Wednesday, July 12, 2006


10 Years Is a Long Time

In last night's All-Star Game, the American League rallied for two runs in the ninth inning off of the Padres' Trevor Hoffman and defeated the National League, 3-2.

The humilating loss was nothing new for the Senior Circuit, who have not won a Midsummer Classic since 1996.

1996, huh? That was a long time ago, an era of unbridled Clintonian exuberance, when problems were scarce and the nation's number one activity was "chillin' out".

The times, they have changed -- both in baseball and the world at large. Since the world at large is scary and hard to figure out (it is, Dad!), let's just focus on baseball in this post.

The 1996 All-Star Game took place at Philadelphia's Veterans Stadium, which has since blown up. After Kelsey Grammar's stirring rendition of our National Anthem, the game commenced, and the National League starting kicking ass en route to an easy 6-0 victory. Mike Piazza, the king of rock 'n roll, homered and doubled to earn the game's MVP Award. Here are a few of the game's notable National Leaguers, all of whom will help us to remember just how long ago 1996 was.

Lance Johnson (Mets): went 3-for-4 with a run scored. Lance has been out of baseball since 2000, and a name so delightfully phallic has not been seen since.

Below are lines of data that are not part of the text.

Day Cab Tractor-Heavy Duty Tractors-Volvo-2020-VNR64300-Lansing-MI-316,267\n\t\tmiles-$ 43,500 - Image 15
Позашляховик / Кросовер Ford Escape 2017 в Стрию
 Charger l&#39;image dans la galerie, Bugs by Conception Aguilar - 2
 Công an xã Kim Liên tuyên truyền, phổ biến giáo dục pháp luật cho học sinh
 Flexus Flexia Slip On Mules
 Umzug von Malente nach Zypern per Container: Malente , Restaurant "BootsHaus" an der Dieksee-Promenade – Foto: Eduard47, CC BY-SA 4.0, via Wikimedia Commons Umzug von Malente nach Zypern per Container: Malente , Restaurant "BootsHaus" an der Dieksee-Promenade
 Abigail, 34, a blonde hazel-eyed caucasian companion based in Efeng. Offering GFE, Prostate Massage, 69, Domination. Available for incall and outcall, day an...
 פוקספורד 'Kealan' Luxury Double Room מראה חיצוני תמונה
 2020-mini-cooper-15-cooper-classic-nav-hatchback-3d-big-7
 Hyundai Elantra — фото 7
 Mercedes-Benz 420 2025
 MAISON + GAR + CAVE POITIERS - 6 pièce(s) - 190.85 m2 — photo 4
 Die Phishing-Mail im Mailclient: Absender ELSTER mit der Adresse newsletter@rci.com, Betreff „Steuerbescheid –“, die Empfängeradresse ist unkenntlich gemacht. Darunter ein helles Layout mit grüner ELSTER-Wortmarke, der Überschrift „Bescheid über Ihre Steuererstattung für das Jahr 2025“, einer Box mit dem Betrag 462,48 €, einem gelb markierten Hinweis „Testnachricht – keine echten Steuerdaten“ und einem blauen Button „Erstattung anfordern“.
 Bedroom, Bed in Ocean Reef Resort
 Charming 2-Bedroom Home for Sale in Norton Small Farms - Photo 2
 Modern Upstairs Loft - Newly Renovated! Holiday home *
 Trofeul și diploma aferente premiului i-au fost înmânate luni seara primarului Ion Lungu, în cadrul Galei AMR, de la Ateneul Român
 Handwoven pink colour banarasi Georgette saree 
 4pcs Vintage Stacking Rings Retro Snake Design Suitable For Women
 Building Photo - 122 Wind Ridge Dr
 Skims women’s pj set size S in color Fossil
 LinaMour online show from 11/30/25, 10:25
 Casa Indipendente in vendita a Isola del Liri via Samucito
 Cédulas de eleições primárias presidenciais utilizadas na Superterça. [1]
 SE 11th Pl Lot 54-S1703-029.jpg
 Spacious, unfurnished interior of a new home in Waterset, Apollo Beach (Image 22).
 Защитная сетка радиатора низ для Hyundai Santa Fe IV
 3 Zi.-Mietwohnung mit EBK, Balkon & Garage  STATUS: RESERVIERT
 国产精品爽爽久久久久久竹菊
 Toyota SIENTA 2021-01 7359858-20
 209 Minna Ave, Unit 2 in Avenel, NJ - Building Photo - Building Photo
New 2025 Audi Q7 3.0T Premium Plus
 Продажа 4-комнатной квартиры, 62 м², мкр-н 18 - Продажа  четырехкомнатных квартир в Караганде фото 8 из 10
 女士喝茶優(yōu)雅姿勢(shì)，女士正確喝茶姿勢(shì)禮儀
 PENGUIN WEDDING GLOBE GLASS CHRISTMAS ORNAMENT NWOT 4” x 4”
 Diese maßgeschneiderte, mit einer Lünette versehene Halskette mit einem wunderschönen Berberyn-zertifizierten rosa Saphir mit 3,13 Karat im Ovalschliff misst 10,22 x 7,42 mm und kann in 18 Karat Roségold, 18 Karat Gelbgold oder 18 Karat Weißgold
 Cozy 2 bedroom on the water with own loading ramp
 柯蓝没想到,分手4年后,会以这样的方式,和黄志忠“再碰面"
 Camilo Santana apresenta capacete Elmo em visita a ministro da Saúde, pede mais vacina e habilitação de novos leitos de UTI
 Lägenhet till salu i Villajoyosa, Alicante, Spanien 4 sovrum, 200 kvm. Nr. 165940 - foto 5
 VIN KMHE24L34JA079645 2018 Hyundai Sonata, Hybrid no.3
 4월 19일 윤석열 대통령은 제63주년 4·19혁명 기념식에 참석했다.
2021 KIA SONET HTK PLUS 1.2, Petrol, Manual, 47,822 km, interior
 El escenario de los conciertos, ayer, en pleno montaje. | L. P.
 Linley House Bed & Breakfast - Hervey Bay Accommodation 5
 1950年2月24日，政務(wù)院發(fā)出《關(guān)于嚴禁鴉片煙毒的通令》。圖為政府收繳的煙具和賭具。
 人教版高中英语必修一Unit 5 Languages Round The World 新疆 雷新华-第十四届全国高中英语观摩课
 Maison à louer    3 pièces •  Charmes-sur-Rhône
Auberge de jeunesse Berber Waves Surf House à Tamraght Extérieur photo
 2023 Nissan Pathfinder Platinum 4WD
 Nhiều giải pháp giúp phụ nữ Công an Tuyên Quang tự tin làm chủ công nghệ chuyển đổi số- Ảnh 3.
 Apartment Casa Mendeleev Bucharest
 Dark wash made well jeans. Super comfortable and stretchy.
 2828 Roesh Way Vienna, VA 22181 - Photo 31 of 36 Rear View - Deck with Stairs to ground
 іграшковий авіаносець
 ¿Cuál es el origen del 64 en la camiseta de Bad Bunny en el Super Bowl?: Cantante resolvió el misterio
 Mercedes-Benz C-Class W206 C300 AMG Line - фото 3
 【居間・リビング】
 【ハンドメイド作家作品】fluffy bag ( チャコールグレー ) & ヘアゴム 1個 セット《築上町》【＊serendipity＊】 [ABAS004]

Ken Caminiti (Padres): the only player outside of Piazza to homer in the game. Caminiti is dead now, folks. Dead! That hasn't stopped the Golden League's Long Beach Armada from digging up his corpse and using it as a designated hitter.

Dante Bichette (Rockies): doubled and scored. Bichette was in the midst of a season in which he accumulated 141 RBIs. He retired in 2001 with 1141 career RBIs. If he had taken 1996 off, he would have retired with 1000 career RBIs. If this had been the case, Bichette would be as fondly remembered as Roberto Clemente, who finished his career with 3000 hits. Baseball fans love round numbers, and that is the only reason people remember Clemente. There was certainly nothing remarkable about his playing career.

Henry Rodriguez (Expos): collected a pinch-hit RBI single. Henry Rodriguez, huh? Amazingly enough, this guy hit 36 homers and drove in 103 RBIs in 1996. Prior to this breakout season, Rodriguez had hit 21 dingers over 766 career at-bats. Now, I'm not accusing the guy of steroid abuse, but the fact that he and the corpse of Caminiti often hang out together certainly doesn't help his reputation.

Ricky Bottalico (Phillies): tossed a scoreless fifth inning. Now, this is how bad the 1996 Phillies were -- their city hosted the All-Star Game, and Bottalico was the only Phillies representative. Todd Zeile's .268 average led the team, Mike Williams started more games than any other pitcher, and Mark Whiten committed suicide midway through the season.

Sure, the 1996 N.L. team featured over a dozen players who are still active. But that is not the point of this exercise. The point is that Johnson, Caminiti, Bichette, Rodriguez and Bottalico need to come out of hiding and restore the National League to dominance. These 21st century N.L. All-Stars are simply not getting the job done.

You know, I have spent a little more than 45 seconds or so during this past week wondering why I cared so little about the All Star Game, when once there was a time when I couldn't wait to watch it, but now I understand. In the context of one year, the players are awesome. But who the eff wants to watch Lance Johnson, Dante Bichette, Henry Rodriguez or (god forbid) Ricky Bottalico? Compound that with the fact that these guys have modern-day counterparts, and the idea of a "baseball star" seriously loses some street cred.